Top of Provided data
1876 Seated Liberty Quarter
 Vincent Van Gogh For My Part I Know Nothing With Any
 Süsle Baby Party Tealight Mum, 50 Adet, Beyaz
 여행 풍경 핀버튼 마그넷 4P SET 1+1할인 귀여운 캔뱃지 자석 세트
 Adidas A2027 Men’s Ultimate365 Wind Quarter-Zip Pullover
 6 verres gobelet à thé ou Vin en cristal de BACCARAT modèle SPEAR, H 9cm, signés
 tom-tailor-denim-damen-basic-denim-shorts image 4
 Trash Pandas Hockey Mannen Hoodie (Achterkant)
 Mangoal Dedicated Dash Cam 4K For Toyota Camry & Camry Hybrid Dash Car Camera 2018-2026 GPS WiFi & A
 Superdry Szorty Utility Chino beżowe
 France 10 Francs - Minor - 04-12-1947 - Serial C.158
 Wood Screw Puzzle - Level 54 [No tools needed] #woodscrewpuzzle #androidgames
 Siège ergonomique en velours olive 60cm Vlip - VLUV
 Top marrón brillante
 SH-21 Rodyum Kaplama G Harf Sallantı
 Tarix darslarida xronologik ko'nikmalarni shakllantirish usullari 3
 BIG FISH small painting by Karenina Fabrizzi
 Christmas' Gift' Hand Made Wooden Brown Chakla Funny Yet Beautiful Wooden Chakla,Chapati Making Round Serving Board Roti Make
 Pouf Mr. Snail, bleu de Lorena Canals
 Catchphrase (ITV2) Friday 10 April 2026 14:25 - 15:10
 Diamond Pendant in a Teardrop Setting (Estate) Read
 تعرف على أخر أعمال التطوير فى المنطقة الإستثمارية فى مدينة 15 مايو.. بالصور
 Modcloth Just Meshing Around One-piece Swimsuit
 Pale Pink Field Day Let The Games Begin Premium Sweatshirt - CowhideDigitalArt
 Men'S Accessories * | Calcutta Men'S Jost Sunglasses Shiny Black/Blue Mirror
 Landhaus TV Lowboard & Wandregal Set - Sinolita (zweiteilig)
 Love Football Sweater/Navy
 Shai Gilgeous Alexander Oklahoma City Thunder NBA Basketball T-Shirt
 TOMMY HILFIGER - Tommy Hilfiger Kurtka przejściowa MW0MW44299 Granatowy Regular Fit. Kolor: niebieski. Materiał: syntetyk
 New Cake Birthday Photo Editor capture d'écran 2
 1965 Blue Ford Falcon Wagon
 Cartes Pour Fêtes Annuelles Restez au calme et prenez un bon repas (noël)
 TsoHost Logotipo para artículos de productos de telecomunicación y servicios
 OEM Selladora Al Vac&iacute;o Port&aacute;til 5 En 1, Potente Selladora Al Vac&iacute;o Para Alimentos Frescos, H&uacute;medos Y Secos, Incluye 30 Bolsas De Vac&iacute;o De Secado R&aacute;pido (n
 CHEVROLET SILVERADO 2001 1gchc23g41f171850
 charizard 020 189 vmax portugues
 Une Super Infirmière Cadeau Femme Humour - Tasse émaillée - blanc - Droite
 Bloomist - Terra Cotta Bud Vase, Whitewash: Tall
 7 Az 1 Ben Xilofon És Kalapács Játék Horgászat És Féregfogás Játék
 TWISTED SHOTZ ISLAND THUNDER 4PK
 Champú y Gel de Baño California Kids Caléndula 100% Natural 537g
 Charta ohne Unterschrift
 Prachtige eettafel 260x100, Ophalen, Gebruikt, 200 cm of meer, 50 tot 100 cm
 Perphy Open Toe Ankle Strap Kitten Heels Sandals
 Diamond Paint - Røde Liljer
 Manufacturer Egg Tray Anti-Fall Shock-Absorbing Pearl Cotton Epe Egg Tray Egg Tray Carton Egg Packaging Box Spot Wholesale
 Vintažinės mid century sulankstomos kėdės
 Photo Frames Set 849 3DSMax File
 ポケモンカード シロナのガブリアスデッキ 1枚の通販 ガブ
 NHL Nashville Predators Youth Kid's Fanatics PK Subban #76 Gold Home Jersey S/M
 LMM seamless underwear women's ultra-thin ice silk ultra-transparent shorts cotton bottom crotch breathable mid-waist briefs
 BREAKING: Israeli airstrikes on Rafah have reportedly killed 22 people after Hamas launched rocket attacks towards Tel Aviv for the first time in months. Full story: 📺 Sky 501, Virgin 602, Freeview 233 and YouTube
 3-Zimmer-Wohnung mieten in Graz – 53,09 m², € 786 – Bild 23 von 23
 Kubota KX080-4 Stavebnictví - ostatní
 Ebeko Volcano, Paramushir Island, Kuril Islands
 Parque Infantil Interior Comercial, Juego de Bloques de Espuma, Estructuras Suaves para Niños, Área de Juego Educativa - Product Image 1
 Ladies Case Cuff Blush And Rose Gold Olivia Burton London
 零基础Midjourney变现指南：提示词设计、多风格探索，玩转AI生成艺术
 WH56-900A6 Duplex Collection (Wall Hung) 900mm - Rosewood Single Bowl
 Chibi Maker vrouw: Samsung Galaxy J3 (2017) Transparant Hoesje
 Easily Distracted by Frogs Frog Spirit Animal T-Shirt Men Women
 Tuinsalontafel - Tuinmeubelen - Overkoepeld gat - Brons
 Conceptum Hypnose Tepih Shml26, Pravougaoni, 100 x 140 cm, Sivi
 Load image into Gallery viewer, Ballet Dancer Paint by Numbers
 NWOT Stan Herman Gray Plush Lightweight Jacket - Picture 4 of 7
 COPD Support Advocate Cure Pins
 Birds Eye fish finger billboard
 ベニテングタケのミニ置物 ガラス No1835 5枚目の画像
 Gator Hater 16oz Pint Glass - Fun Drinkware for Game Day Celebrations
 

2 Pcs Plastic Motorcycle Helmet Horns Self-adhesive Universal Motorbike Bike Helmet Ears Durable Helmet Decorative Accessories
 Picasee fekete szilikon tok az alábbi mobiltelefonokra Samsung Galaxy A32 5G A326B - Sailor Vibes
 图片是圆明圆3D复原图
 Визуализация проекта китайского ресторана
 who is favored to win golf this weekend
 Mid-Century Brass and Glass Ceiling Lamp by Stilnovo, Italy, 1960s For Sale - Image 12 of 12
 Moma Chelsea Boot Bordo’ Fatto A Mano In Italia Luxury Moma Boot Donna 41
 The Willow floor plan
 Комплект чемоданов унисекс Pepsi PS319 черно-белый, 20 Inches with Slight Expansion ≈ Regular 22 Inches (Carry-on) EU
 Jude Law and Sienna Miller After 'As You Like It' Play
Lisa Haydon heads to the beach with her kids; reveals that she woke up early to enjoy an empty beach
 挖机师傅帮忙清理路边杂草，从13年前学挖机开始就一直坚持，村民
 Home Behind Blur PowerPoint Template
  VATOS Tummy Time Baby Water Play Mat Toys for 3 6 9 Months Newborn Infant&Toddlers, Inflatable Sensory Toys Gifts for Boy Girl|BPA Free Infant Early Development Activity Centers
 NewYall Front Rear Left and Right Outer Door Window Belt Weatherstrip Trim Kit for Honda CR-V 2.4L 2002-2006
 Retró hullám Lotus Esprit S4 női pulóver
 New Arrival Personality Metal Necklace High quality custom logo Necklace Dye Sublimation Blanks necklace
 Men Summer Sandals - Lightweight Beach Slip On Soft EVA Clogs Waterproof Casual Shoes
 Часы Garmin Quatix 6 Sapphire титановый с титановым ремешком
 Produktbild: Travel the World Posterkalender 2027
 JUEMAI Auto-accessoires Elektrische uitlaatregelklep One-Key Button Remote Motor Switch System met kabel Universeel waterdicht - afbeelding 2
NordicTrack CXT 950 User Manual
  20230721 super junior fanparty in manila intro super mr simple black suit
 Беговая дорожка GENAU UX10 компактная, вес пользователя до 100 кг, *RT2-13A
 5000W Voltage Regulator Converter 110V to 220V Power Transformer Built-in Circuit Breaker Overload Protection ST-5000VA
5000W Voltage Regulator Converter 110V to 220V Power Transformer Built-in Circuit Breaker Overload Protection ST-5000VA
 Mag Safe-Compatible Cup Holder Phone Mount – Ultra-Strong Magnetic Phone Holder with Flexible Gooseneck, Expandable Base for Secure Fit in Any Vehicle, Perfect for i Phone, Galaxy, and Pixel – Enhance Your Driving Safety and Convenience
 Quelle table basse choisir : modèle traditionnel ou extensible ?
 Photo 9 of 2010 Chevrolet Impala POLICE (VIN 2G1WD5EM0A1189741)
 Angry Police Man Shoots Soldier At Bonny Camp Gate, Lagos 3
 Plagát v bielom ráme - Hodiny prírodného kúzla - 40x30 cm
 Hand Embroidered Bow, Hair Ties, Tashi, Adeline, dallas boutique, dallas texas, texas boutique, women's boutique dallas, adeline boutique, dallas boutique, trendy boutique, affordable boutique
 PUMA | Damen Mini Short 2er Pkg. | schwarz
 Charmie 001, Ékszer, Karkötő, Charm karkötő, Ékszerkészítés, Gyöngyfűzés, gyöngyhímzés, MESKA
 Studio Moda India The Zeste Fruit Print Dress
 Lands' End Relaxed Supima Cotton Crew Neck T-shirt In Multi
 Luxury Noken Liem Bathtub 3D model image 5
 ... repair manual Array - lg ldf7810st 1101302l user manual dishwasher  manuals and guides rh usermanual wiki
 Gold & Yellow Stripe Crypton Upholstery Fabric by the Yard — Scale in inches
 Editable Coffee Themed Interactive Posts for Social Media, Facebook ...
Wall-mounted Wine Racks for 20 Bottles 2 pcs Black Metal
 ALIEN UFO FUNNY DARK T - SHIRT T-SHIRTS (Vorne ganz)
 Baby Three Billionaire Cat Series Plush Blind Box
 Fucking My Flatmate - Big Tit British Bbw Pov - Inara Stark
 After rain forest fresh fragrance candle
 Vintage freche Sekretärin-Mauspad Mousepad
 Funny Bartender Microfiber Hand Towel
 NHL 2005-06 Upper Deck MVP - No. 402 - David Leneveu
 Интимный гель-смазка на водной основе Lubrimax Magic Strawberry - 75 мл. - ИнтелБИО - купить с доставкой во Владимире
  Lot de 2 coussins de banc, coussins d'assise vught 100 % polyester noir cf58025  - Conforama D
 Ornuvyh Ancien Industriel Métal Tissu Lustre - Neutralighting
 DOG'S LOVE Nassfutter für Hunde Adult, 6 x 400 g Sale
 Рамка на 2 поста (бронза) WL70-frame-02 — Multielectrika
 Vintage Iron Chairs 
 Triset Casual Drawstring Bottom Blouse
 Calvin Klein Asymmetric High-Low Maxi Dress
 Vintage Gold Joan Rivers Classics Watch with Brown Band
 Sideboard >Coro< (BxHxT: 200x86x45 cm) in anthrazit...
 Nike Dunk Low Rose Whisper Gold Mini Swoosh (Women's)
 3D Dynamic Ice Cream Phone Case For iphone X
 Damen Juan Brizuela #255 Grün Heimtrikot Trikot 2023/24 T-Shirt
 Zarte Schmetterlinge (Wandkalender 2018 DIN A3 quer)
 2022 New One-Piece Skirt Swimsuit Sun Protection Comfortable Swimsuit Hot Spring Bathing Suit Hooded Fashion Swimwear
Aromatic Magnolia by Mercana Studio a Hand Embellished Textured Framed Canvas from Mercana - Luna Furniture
Bottom of Provided data
Problem requirements |
Restate word for word the entries above, starting at the line with "Adidas A2027 Men’s" and ending at the line with "Trash Pandas Hockey", inclusive, and no others.

Output below |
 Adidas A2027 Men’s Ultimate365 Wind Quarter-Zip Pullover
 6 verres gobelet à thé ou Vin en cristal de BACCARAT modèle SPEAR, H 9cm, signés
 tom-tailor-denim-damen-basic-denim-shorts image 4
 Trash Pandas Hockey Mannen Hoodie (Achterkant)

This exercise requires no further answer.